В зооморфной иконографии романского портала существует вселяющий страх и зачастую гротескный элемент, который обнаруживает духовный реализм, внутренне взаимосвязанный с горгоноподобной символикой Каламукха. По мере приближения солнцестояния неизбежная циклическая смена направления высвобождает крайности контрастов в космической среде: когда открыты «Врата рая» ( janua coeli), распахнуты также и «Врата ада» ( janua inferni). Некоторые из ужасающих образов на стенах портала призваны разрушать пагубные влияния. Иногда их гротескная внешность помогает «осуществить» силы тьмы, выявляя их реальную природу. Сходное назначение имеют некоторые деревенские обычаи, в которых, при приближении зимнего солнцестояния злые духи изгоняются с помощью гротескных маскарадов. [114]
114
Этот обычай сохранился, в частности, в альпийских долинах.
III
Как мы убедились, ниша портала соответствует хору церкви. Как и хор, это место Богоявления, и в этом качестве ниша портала соответствует, символике небесной двери, представляющей не только вход, через который души направляются в Царствие Небесное, но также и выход, откуда божественные вестники «нисходят» в «пещеру» мира. Эта символика имеет дохристианское происхождение и как бы сливается с христианством, благодаря празднованию Рождества – ночи рождения Божественного Сына в мир – приблизительно в час зимнего солнцестояния, «Небесных Врат».
Таким образом, портал с нишей – это иконостас, который одновременно и скрывает и обнаруживает тайну святая святых, и в связи с этим он представляет также триумфальную арку и престол славы. Этот последний аспект преобладает в великолепном портале церкви аббатства в Муассаке. Его огромный тимпан, поддерживаемый центральной колонной, изображает апокалиптическое видение Христа, окруженного животными тетраморфа и 24 старцами Откровения; центральная колонна, составленная из львиц, поддерживает это великолепное видение, подобно трону, выстроенному из покоренных космических сил (рис. 25).
Рис. 25. Портал церкви аббатства в Муассаке. Фрагмент
В западном искусстве портал церкви в Муассаке подобен неожиданному чуду как своим духовным единством, так и пластическим совершенством, которое невозможно полностью объяснить ссылкой на родственную романскую скульптуру, мавританское влияние или византийские изделия из слоновой кости.
Художественный язык муассакского портала сильно отличается от романского портала Базельского собора. Формы последнего четко выражены, подобно последовательности латинского синтаксиса; их гармония сурова и благородна, как грегорианское песнопение.
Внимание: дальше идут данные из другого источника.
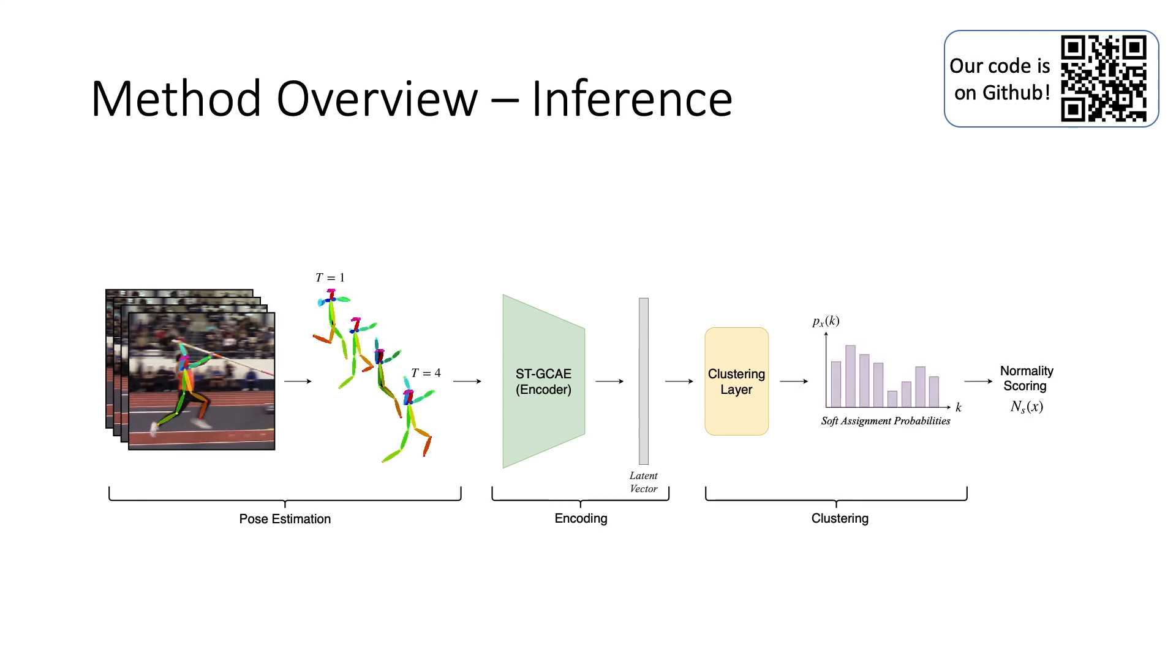Finally, we fit a probabilistic model over cluster assignments of normal actions used to obtain normality score for future samples.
Скульптуре Муассака свойственна некоторая вычурность, которая, однако, не ведет к разрыву статического единства целого. Стрельчатая форма арки сообщает всему порталу спокойную восходящую направленность, подобную ровному пламени свечи, с исключительно внутренней вибрацией. Поверхность рельефа в целом сохранена ровной, но местами имеет отверстия, подобные своего рода резному украшению, предоставляющему благоприятную возможность для сильных линий и штрихов. Внутри стилизованных очертаний поверхности обработаны с большой деликатностью, расположение форм повсюду обнаруживает значительное пластическое богатство, и гибкость, и сдержанность одновременно. Игра теней в тимпане сосредоточена вокруг неподвижного центра – Христа во Славе; именно от Него, от этого образа, так широко и свободно развернутого, кажется, исходит все сияние. В то же время расположение четырех и двадцати старцев, окружающих Господа, направляет взгляд с любой точки к неподвижному центру, внушая мысль о своеобразном ритмическом движении, которое, однако, никогда не преступает пределов, обусловленных геометрией работы; здесь нет ни мгновенного импрессионизма, ни психического динамизма, ни акцента, противоречащего неизменной природе скульптуры.